Applying z-tests and t-tests

z-tests and t-tests

The z-test

Generally, we do not know the value of the standard deviation of the  (σ), and we have to estimate it with the standard deviation of the sample population (s). However, if we do know the standard deviation of the population we can use the z-test. The term "Z-test" is often used to refer specifically to the one-sample location test comparing the mean of a set of measurements to a given constant when the sample variance is known

Step 1: formulating a hypothesis

First, a hypothesis is formulated. There are two hypotheses: the null hypothesis and the alternative hypothesis. The null hypothesis means that the independent variable did not have an effect. The hypothesis implies that there is no change or difference. For the null hypothesis the symbol H0 is used. The H refers to hypothesis, and the 0 refers to zero effect. Next, there is the alternative hypothesis (H1) which indicates that there is a change or difference. In the context of an experiment, it indicates that the independent variable (for example a treatment method for depression) did have an effect on the dependent variable (extent of depression). When the null hypothesis for example is that the mean depression score is 30 in the population of depressed people, the alternative hypothesis can be that the mean does not equal 30 (µ ≠ 30). In some cases, the direction of the difference is also specified. For example, if it is expected that the group that received treatment has a higher mean, it applies: H1: µ1 < µ2. It is for example possible to indicate with H1 that the mean is lower than 30 (µ < 30) or higher than 30 (µ > 30). The latter possibility is in this example superfluous, because it is almost impossible that a treatment will cause an increase in the degree of depression. In this case we would say that H1 is a one-tailed, for the estimated value is less than the reference value; in opposition a two-tailed hypothesis is appropriate if the estimated value may be more than or less than the reference value.

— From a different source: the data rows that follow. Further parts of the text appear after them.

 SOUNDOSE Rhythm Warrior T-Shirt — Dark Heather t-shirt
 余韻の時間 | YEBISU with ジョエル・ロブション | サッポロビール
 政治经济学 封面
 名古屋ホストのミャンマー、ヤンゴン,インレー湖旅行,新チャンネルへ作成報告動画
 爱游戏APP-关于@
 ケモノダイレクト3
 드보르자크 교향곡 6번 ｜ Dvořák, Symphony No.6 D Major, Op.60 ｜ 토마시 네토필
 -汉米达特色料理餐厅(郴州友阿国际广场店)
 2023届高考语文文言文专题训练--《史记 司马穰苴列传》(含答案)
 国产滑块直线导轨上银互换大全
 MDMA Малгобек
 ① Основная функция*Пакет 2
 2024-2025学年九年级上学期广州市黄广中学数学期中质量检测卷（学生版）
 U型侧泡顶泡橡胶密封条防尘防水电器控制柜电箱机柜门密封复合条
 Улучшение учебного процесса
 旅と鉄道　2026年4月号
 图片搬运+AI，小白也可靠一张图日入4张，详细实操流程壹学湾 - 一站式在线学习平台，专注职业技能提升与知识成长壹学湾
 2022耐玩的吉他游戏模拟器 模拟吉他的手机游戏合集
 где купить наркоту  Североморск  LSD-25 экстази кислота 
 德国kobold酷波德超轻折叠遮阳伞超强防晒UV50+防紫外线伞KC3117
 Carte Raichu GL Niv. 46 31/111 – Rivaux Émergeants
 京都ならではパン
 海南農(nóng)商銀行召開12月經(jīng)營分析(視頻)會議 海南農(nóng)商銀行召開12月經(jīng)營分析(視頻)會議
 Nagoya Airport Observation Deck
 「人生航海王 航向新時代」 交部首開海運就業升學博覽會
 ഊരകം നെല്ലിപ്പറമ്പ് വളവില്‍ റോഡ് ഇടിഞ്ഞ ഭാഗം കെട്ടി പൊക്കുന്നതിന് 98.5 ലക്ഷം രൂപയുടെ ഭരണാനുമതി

The mathematical representations of the null and alternative hypotheses are defined below:

  • H0μ = m0
  • H1μ ≠ m0 (two-tailed)
  • H1μ > m0 (upper-tailed)
  • H1μ < m0 (lower-tailed)

Step 2: criteria to make a decision

To make a founded decision about the (in)correctness of the null hypothesis, certain criteria have to be used. We use the level of significance or the alfa level (α) as criterion. The alfa level is a limit in the normal distribution that distinguishes between scores with a high chance and scores with a low chance of occurring in the sample, if the hypothesis is true. An alfa of 5% (α = 0.05) implies that there is a 5% chance that the result is found by chance. The alfa level is a chance value that is being used to determine highly unlikely sample results, if the null hypothesis is true.

Inferential statistics

The area that is demarcated with 'extreme low probability values if H0 is true' is called the critical region. The critical region consists of extreme sample values that are highly unlikely if the null hypothesis is true. When a found value falls within this critical region, it differs significantly from the mean and the null hypothesis is rejected. For an alfa of 5%, it implies that 5% of the scores falls within this critical area.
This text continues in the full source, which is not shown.